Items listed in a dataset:

● ● ●

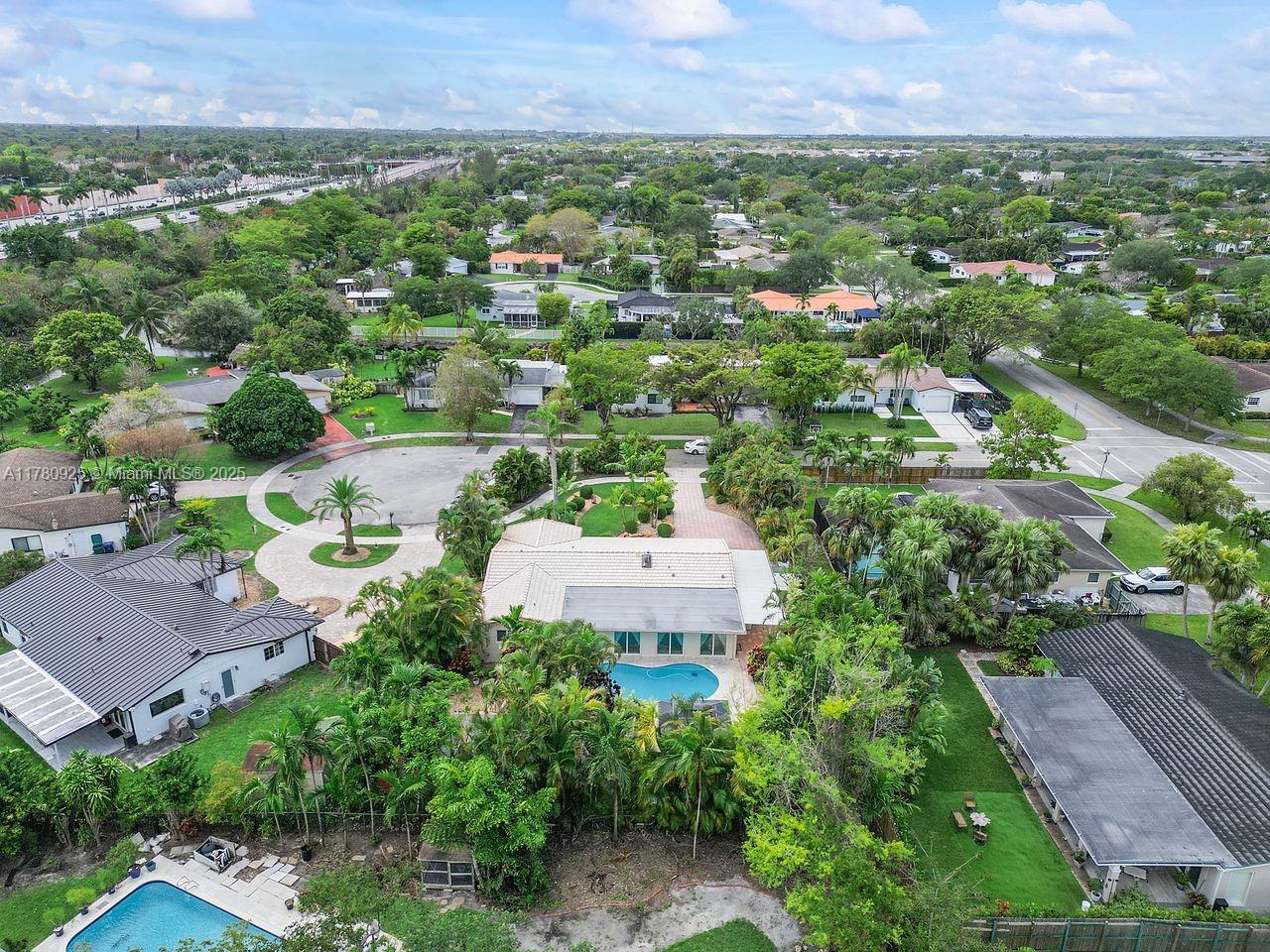 Village Kendale - Residential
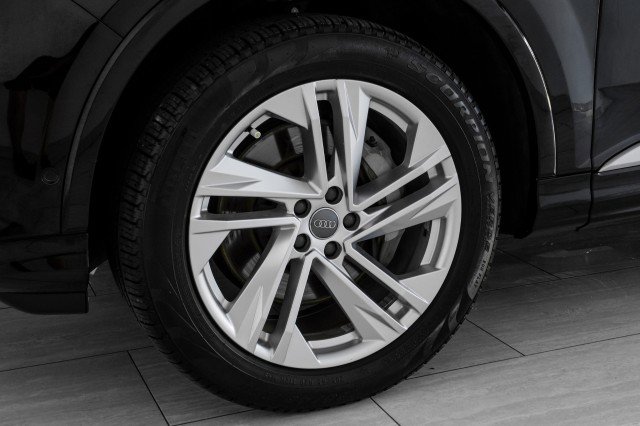 Used 2020 Audi Q7 2.0T Premium Plus w/ Premium Plus Package image 54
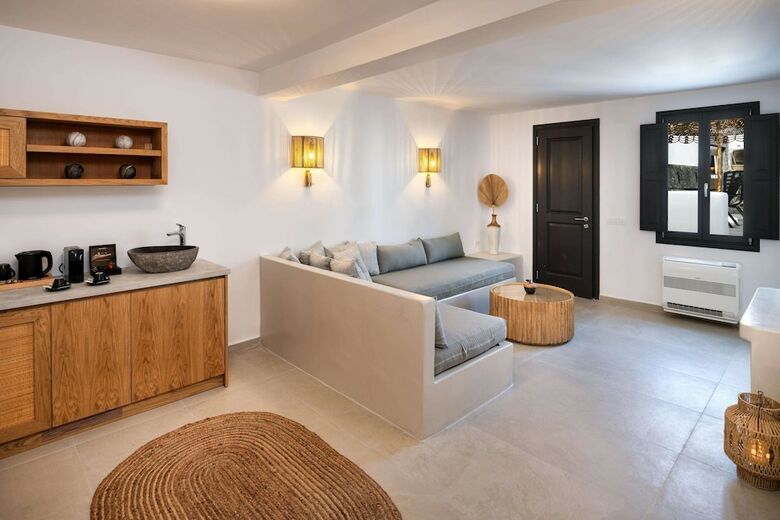 Hotel Venus Sunrise Suites & Villas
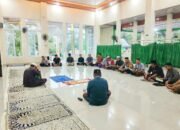 Kapolsek Ma’rang Bersama Personel Ikuti Pengajian Dirosa Al-Qur’an di Musala Ibnussabil
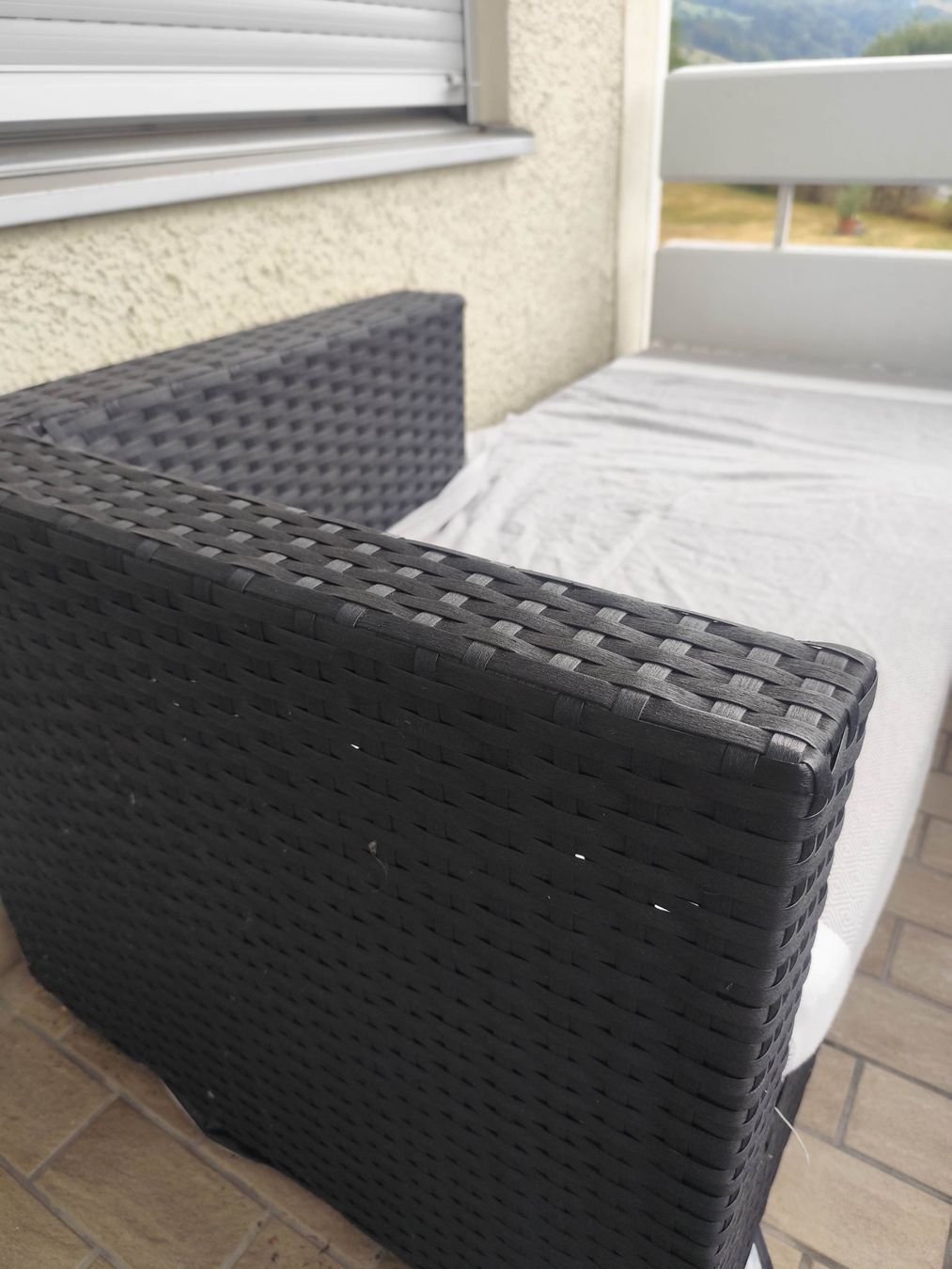 Liegen & Liegestühle: Rattan Liege Balkonmöbel – Gebraucht aus Oberaegeri von frappe5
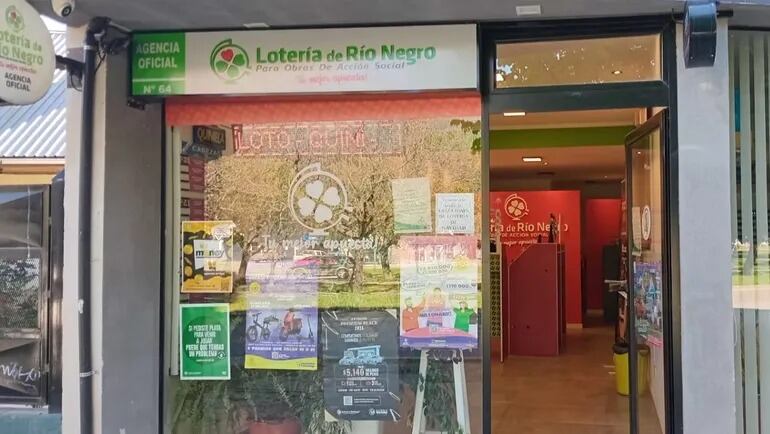 Una agencia de El Bolsón entregó el premio más grande de la historia de la provincia.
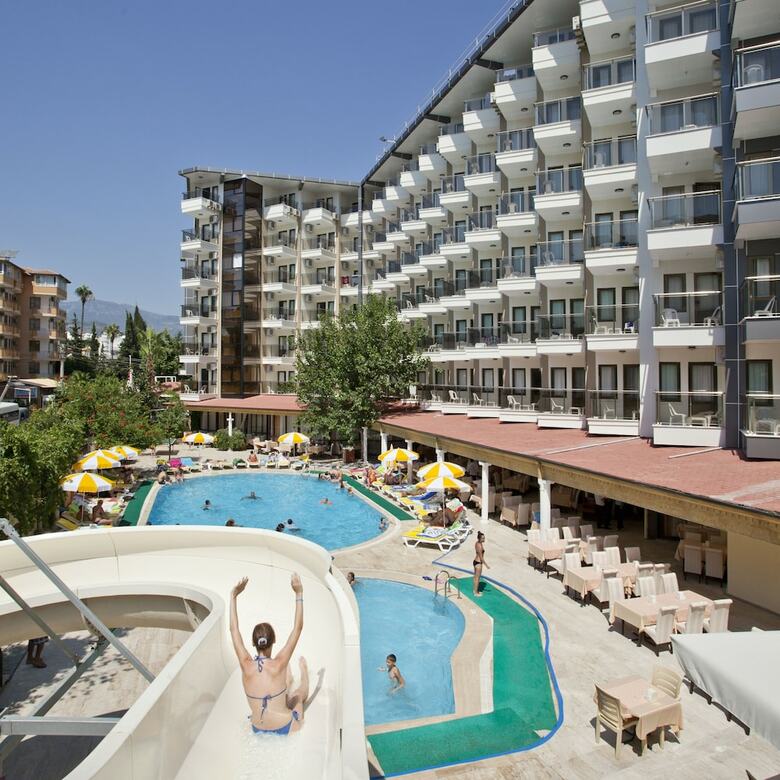 Monte Carlo Hotel - All Inclusive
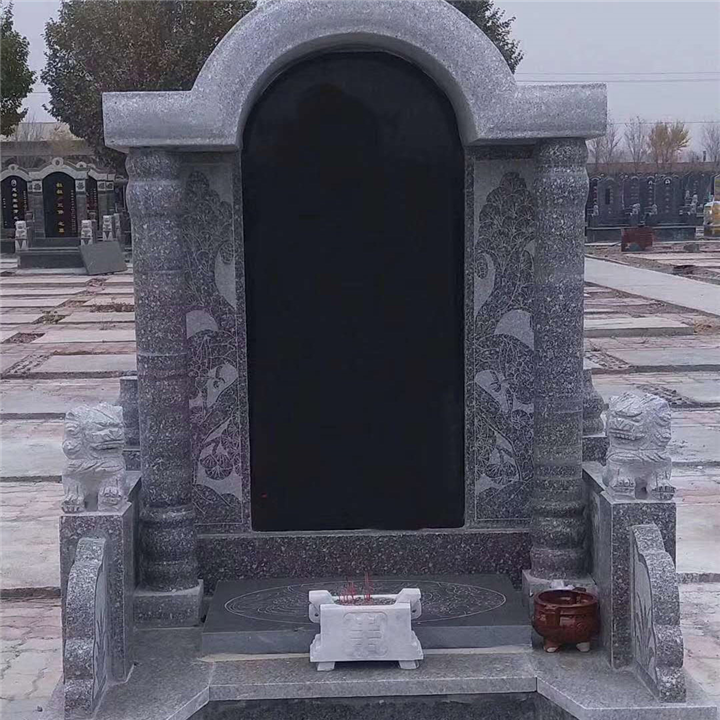乌鲁木齐墓地** 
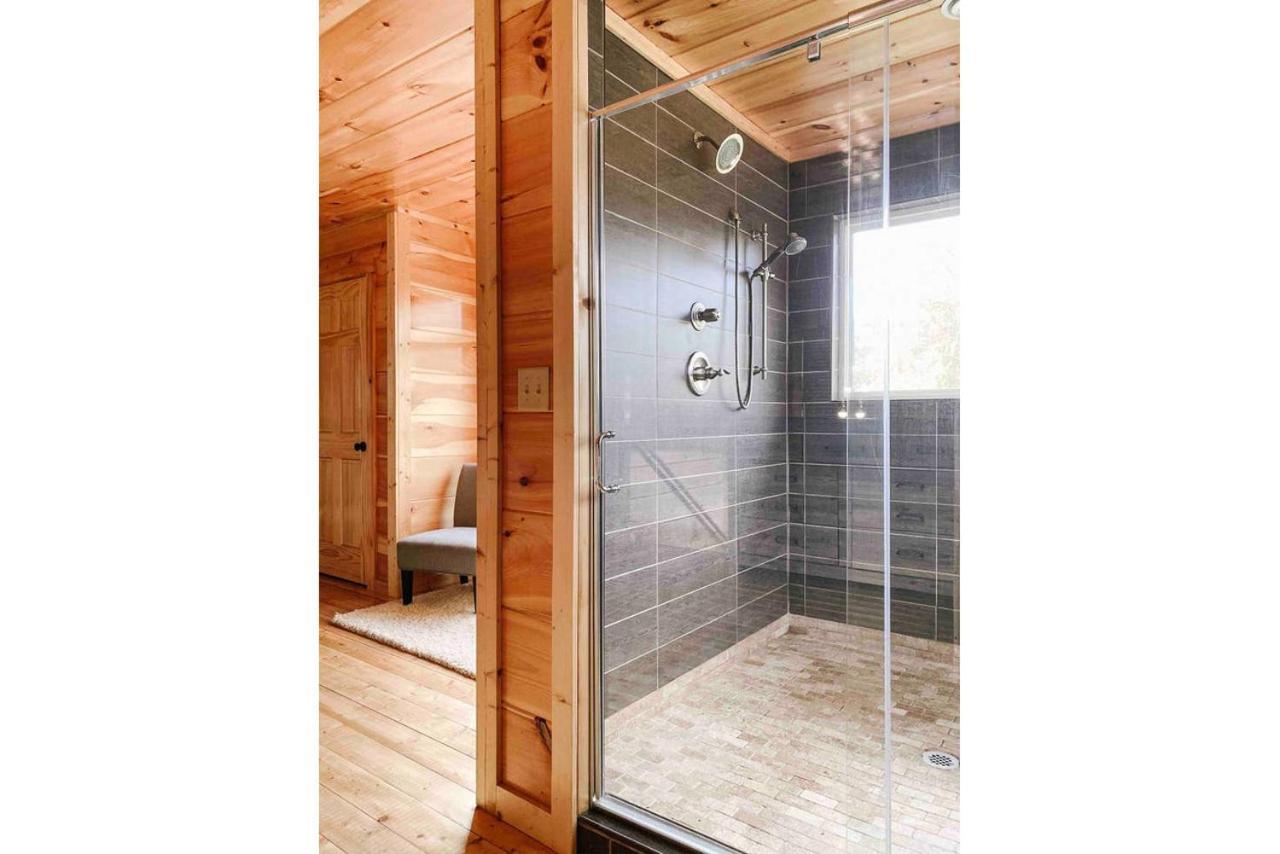 פיג'ן פורג' Splash Of Moonshine -Heated Indoor Pool, Hot Tub, Arcade Game Room מראה חיצוני תמונה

● ● ●

Print the data above exactly, from its first line to the line bearing "Liegen & Liegestühle: Rattan" inclusive, and keep pictures out of the result.

## Problem solution
 Village Kendale - Residential
 Used 2020 Audi Q7 2.0T Premium Plus w/ Premium Plus Package image 54
 Hotel Venus Sunrise Suites & Villas
 Kapolsek Ma’rang Bersama Personel Ikuti Pengajian Dirosa Al-Qur’an di Musala Ibnussabil
 Liegen & Liegestühle: Rattan Liege Balkonmöbel – Gebraucht aus Oberaegeri von frappe5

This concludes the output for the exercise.